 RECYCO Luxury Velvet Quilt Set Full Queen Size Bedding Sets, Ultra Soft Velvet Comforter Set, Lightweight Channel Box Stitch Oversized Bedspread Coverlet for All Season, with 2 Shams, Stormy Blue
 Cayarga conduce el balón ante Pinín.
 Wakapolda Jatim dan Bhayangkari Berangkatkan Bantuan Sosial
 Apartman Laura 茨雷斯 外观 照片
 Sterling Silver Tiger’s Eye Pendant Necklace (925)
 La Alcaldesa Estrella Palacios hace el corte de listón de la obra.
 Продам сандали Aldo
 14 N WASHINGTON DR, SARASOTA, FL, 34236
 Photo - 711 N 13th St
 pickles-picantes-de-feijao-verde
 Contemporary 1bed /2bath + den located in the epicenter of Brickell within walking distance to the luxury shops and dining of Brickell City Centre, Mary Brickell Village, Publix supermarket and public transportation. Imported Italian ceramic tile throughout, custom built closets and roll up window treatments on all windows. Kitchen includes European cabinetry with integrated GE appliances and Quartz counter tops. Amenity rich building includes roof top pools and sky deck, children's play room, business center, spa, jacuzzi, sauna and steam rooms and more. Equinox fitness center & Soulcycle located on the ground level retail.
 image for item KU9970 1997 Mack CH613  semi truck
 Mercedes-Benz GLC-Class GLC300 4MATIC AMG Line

-------------------------

- [DIRECTIONS]:
In the data above, find the line containing "Photo - 711 N 13th St", then copy it and every later line exactly.

- [FINISHED EXERCISE]:
 Photo - 711 N 13th St
 pickles-picantes-de-feijao-verde
 Contemporary 1bed /2bath + den located in the epicenter of Brickell within walking distance to the luxury shops and dining of Brickell City Centre, Mary Brickell Village, Publix supermarket and public transportation. Imported Italian ceramic tile throughout, custom built closets and roll up window treatments on all windows. Kitchen includes European cabinetry with integrated GE appliances and Quartz counter tops. Amenity rich building includes roof top pools and sky deck, children's play room, business center, spa, jacuzzi, sauna and steam rooms and more. Equinox fitness center & Soulcycle located on the ground level retail.
 image for item KU9970 1997 Mack CH613  semi truck
 Mercedes-Benz GLC-Class GLC300 4MATIC AMG Line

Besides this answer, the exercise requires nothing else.